死に風吹き行く ~ある姉弟の話 その弐~
「えっ?・・・なによなによ・・今のあたしの顔・・・」
姉は口を押さえて居間の隅にずるずると逃げた。
そういえば一瞬だけ冷たい風が横切った気がする。
氷の針でさされたような疼痛を感じた気がする。
ほんの一瞬だからそれは違うかもしれないが、今見た自分の顔は勘違いではない。
・・・恐ろしい。
姉は目をつぶり思い出したくないと拳を握った。
しかし誰が忘れられようか、はっきりと一瞬の記憶がよみがえった。
―――髪の上にお嫁さんのようなようなものをかぶっていた・・・
もう声を出さずにはいられなかった。
「まだ、真っ白?」
漆黒の髪を垂らした姉が涙をこぼしながら弟を見上げた。
弟はテレビをつけていた。
お笑いタレントの甲高い声に二人は勇気をとりもどした。
「・・・いや、元に戻った」
「頭になにかついている?」
「日本髪のように見えたけど・・・元のお姉に戻ったよ」
手鏡を拾い見てほらと姉に渡した。
時計がかたこととさっきを過去にしている。
姉弟は顔を見合わせた。
「なんだったの今の?」
姉は弟の腰にしがみつき首をふった。
「さあなんだったんだろ・・・顔が真っ白になり頭に・・・文金高島田・・・だっけ?なものをかぶっていたような・・・?」
「ブンキンタカシマダ・・・ってお嫁さんのあれじゃない・・・ああやだよぅ・・・あんたも見たのね!」
「お姉も俺も見た。
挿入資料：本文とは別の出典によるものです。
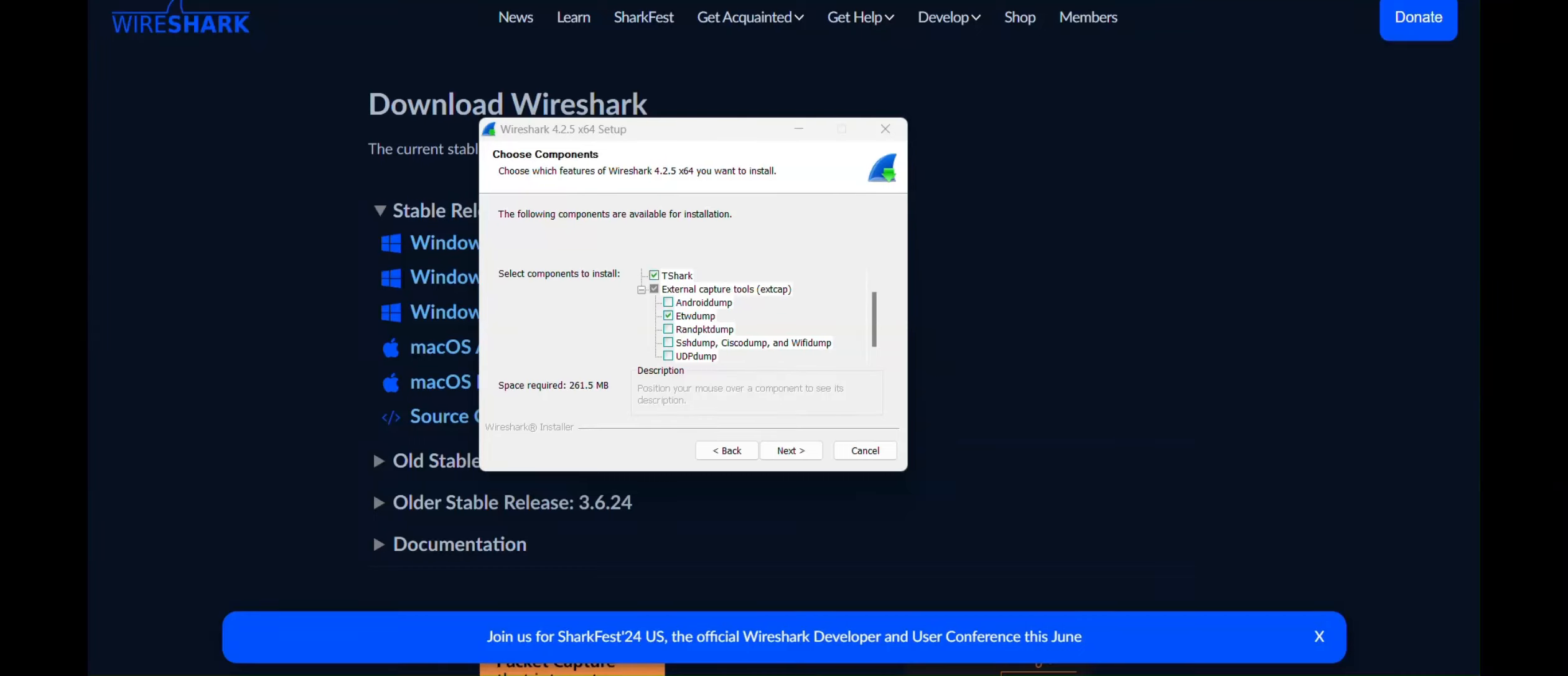Hello everyone. Today, I'd like to talk about some Wireshark components. You'll first bump into these components on the Choose Components page of the Wireshark installer. And this is my installer. So which ones should we select?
錯覚じゃないかもな。でも今はなんでもないよ、さあ立て」
弟はカーテンを開けた。
駅の明かりが見える。数台のタクシーが止まり客を待っている。
いつもと変わりがない夜景だ。恐怖を押し返す力は充分にあった。
いや・・・やっぱ気のせいだよ、錯覚だよと姉に言った。